L'impact de la Première Guerre mondiale

La Première Guerre mondiale fut le conflit le plus destructeur de l'histoire moderne, avec plus de 10 millions de soldats tués. Ces lourdes pertes, subies par tous les belligérants, étaient dues en partie à l'apparition de nouvelles armes, comme la mitrailleuse et le gaz de combat, ainsi qu'à l'échec des chefs militaires à adapter leurs tactiques à une guerre de plus en plus mécanisée. La politique d'usure, notamment sur le front de l'ouest, coûta la vie à des centaines de milliers de combattants.
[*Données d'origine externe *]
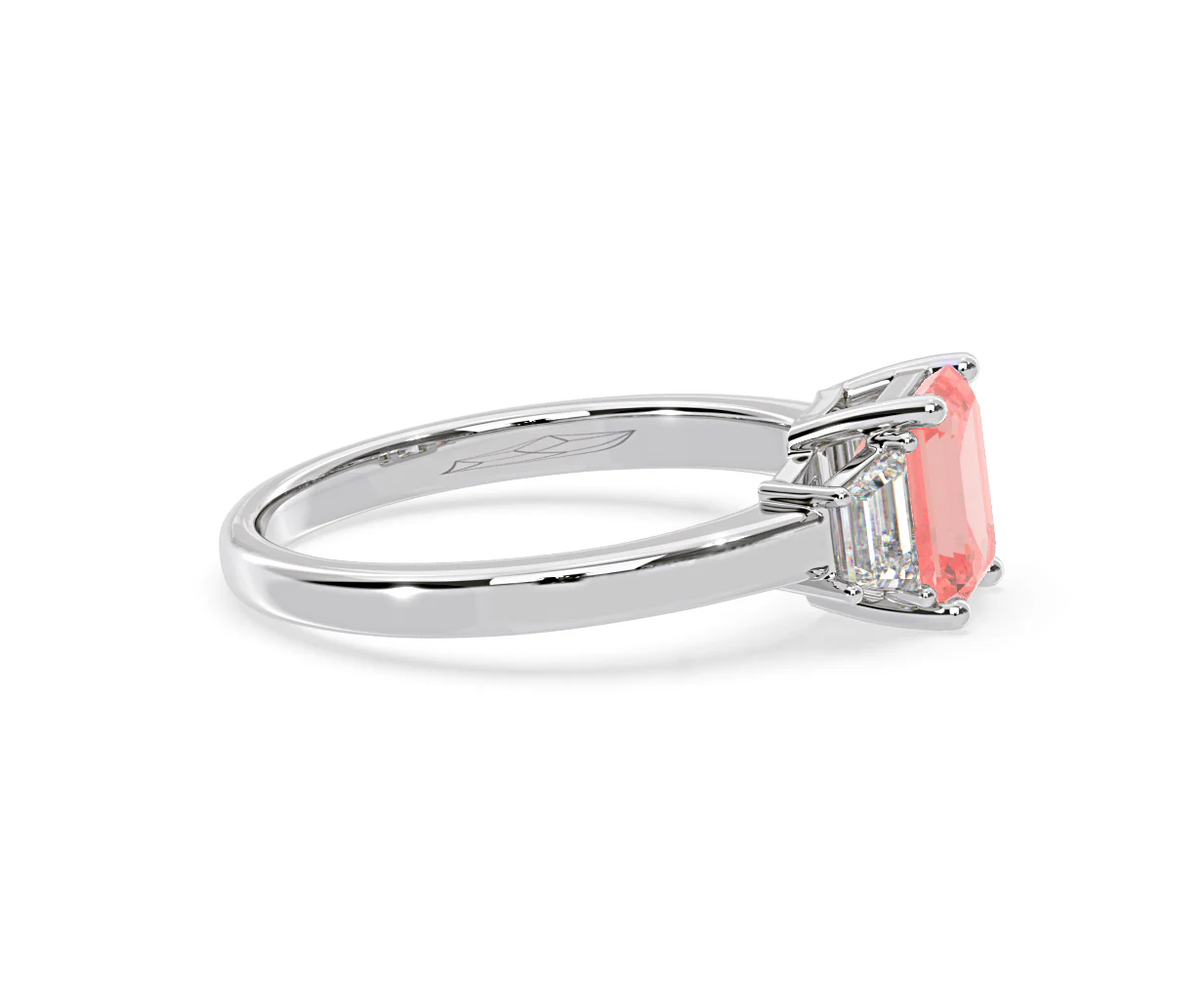 Erika Pink Lab Diamond 1.70ct Emerald Cut Ring in 18K White Gold - Elara Collection - Image 69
Pendant la guerre, aucun organisme officiel n'a tenu de statistiques précises sur les pertes civiles, mais les chercheurs avancent que le conflit aurait tué, directement ou indirectement, jusqu'à 13 millions de victimes. En Europe et en Asie Mineure, des millions de personnes furent arrachées à leurs foyers et déplacées. Les pertes matérielles et industrielles furent catastrophiques, notamment en France, en Belgique, en Pologne et en Serbie, où les combats furent les plus lourds.

Les traités de Saint-Germain-en-Laye, de Trianon et de Sèvres

Après une guerre si dévastatrice, les puissances victorieuses imposèrent une série de traités sévères aux nations vaincues. Ceux-ci prévoyaient la perte de vastes portions de territoires et le paiement de lourdes réparations. On avait rarement vu le visage de l'Europe changer de manière si profonde. La guerre marqua la disparition des empires allemand, austro-hongrois, russe et ottoman.

Le traité de Saint-Germain-en-Laye du 10 septembre 1919 fonda la République d'Autriche, qui se composait de régions germanophones prises à l'Empire des Habsbourg. Des anciennes terres domaniales naquirent les États successeurs comme la Tchécoslovaquie, la Pologne, et le Royaume des Serbes, Croates et Slovènes, qui devint la Yougoslavie en 1929. Le traité donnait aussi le Tyrol du Sud, Trieste, Trentino, et l'Istrie à l'Italie, et la Bucovine à la Roumanie. Un principe important du texte était que l'Autriche se voyait empêchée de s'unir avec l'Allemagne, ce que les « Pan-germanistes » avaient longtemps désiré et qu'Adolf Hitler (né en Autriche) et le Parti Nazi, préconisaient haut et fort. L'autre partie de la double monarchie, la Hongrie, devint un État indépendant. De par le traité du Trianon (4 juin 1920), elle cédait la Transylvanie à la Roumanie, la Slovaquie et la Ruthénie subcarpatique à la nouvelle Tchécoslovaquie, et d'autres terres à la future Yougoslavie. L'Empire ottoman signa le Traité de Sèvres le 10 août 1920, mettant ainsi fin aux hostilités avec les puissances alliées. Peu après cependant, une guerre d'indépendance turque commença, et donna naissance à la nouvelle République de Turquie. Le traité de Lausanne, en 1923, remplaça celui de Sèvres, divisant de fait le vieil Empire ottoman.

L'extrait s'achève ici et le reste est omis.